This work investigates the impact of halting mechanisms and convergence behavior on the expressive power of recursive graph neural networks (RGNNs). Focusing on undirected graphs, it systematically compares fully convergent RGNNs, output-convergent RGNNs, and halting RGNNs equipped with vertex-wise halting classifiers, establishing for the first time an equivalence in expressive power between convergent and halting RGNN variants. To address desynchronization caused by asynchronous halting, the authors introduce a “traffic light” protocol, resolving an open problem posed by Bollen et al. Leveraging ReLU activations and sum aggregation, and employing tools from graded bisimulation invariance and monadic second-order logic (MSO), they prove that fully convergent RGNNs exactly capture graded modal μ-calculus (μGML), output-convergent RGNNs express at least μGML, and the model of Pflueger et al. retains full μGML expressiveness under guaranteed convergence.

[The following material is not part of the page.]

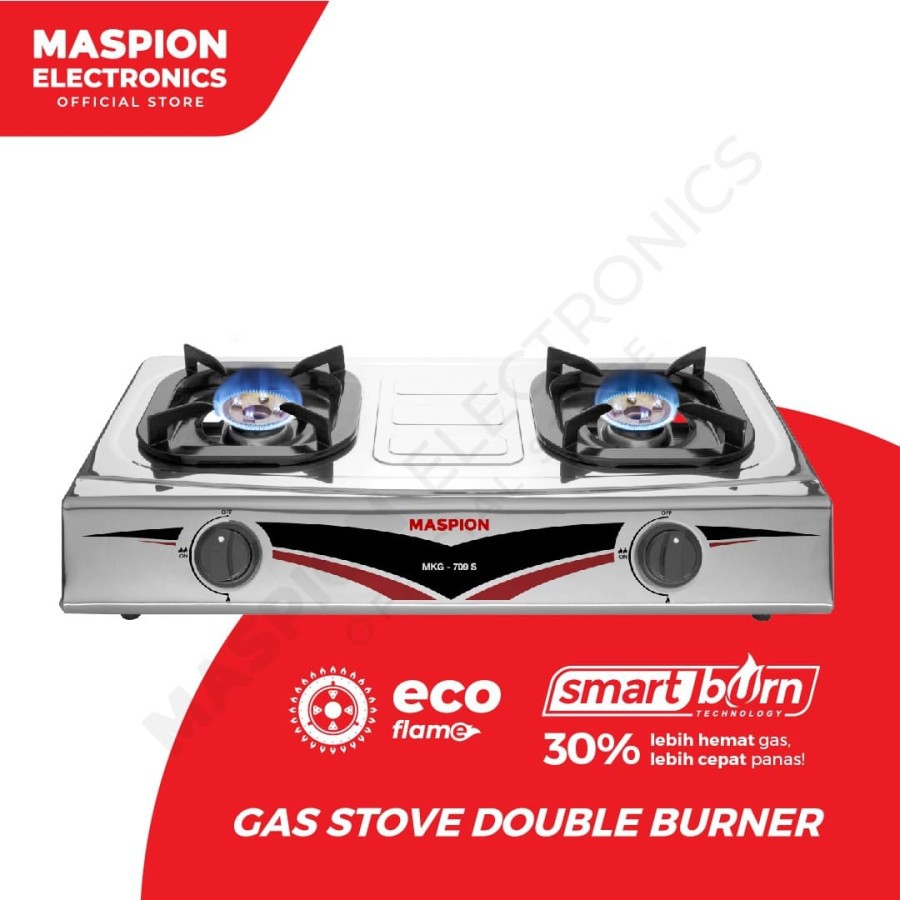 MASPION Kompor Gas 2 Tungku Tekanan Rendah Stainless MKG 709 S - Garansi Service Resmi 1 Tahun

Recurrent Graph Neural Networks (RGNNs) extend standard GNNs by iterating message-passing until some stopping condition is met. Various RGNN models have been proposed in the literature. In this paper, we study three such models: converging RGNNs, where all vertex representations must stabilise; output-converging RGNNs, where only the output classifications must stabilise; and halting RGNNs, where a per-vertex halting classifier determines when to stop. We establish expressiveness relationships between these models: over undirected graphs, converging RGNNs are equally expressive as graded-bisimulation-invariant halting RGNNs, while output-converging RGNNs are at least as expressive. Combined with prior results on halting RGNNs, this shows that, relative to the classifiers expressible in monadic second-order logic (MSO), converging RGNNs express exactly the graded modal $μ$-calculus ($μ$GML), and output-converging RGNNs express at least $μ$GML. These results hold even when restricting to ReLU networks with sum aggregation. The main technical challenge is simulating halting RGNNs by converging ones: without a global halting classifier, vertices may locally decide to halt at different times, causing desynchronisation. We develop a "traffic-light" protocol that enables vertices to coordinate despite this asynchrony. Our results answer an open question from Bollen et al. (2025) and show that the RGNN model of Pflueger et al. (2024) retains full $μ$GML expressiveness even when convergence is guaranteed.